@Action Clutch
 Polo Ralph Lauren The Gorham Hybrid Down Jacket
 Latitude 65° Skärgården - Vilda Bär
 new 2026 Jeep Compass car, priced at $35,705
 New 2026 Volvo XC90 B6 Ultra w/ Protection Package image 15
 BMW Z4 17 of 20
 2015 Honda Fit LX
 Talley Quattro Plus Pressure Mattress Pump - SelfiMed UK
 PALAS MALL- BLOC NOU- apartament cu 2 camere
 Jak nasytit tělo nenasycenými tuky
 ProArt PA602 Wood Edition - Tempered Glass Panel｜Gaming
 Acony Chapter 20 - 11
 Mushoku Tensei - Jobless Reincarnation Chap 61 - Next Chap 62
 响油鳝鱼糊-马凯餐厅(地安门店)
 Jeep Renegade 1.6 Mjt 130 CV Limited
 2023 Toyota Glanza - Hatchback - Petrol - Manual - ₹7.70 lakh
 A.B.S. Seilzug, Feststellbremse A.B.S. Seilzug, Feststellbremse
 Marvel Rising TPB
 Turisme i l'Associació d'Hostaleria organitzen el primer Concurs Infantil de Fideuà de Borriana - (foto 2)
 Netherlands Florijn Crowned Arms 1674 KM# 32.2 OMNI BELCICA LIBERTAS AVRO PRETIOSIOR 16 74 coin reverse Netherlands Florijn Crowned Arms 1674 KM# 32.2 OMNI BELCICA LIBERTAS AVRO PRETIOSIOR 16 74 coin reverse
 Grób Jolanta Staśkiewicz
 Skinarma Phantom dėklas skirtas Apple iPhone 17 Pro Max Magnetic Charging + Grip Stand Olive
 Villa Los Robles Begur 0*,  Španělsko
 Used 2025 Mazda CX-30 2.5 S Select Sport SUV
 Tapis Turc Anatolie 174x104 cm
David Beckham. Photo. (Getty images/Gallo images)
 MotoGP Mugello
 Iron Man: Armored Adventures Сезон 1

What is being asked: Transcribe the records above in full, exactly as they stand.

Expected output:
@Action Clutch
 Polo Ralph Lauren The Gorham Hybrid Down Jacket
 Latitude 65° Skärgården - Vilda Bär
 new 2026 Jeep Compass car, priced at $35,705
 New 2026 Volvo XC90 B6 Ultra w/ Protection Package image 15
 BMW Z4 17 of 20
 2015 Honda Fit LX
 Talley Quattro Plus Pressure Mattress Pump - SelfiMed UK
 PALAS MALL- BLOC NOU- apartament cu 2 camere
 Jak nasytit tělo nenasycenými tuky
 ProArt PA602 Wood Edition - Tempered Glass Panel｜Gaming
 Acony Chapter 20 - 11
 Mushoku Tensei - Jobless Reincarnation Chap 61 - Next Chap 62
 响油鳝鱼糊-马凯餐厅(地安门店)
 Jeep Renegade 1.6 Mjt 130 CV Limited
 2023 Toyota Glanza - Hatchback - Petrol - Manual - ₹7.70 lakh
 A.B.S. Seilzug, Feststellbremse A.B.S. Seilzug, Feststellbremse
 Marvel Rising TPB
 Turisme i l'Associació d'Hostaleria organitzen el primer Concurs Infantil de Fideuà de Borriana - (foto 2)
 Netherlands Florijn Crowned Arms 1674 KM# 32.2 OMNI BELCICA LIBERTAS AVRO PRETIOSIOR 16 74 coin reverse Netherlands Florijn Crowned Arms 1674 KM# 32.2 OMNI BELCICA LIBERTAS AVRO PRETIOSIOR 16 74 coin reverse
 Grób Jolanta Staśkiewicz
 Skinarma Phantom dėklas skirtas Apple iPhone 17 Pro Max Magnetic Charging + Grip Stand Olive
 Villa Los Robles Begur 0*,  Španělsko
 Used 2025 Mazda CX-30 2.5 S Select Sport SUV
 Tapis Turc Anatolie 174x104 cm
David Beckham. Photo. (Getty images/Gallo images)
 MotoGP Mugello
 Iron Man: Armored Adventures Сезон 1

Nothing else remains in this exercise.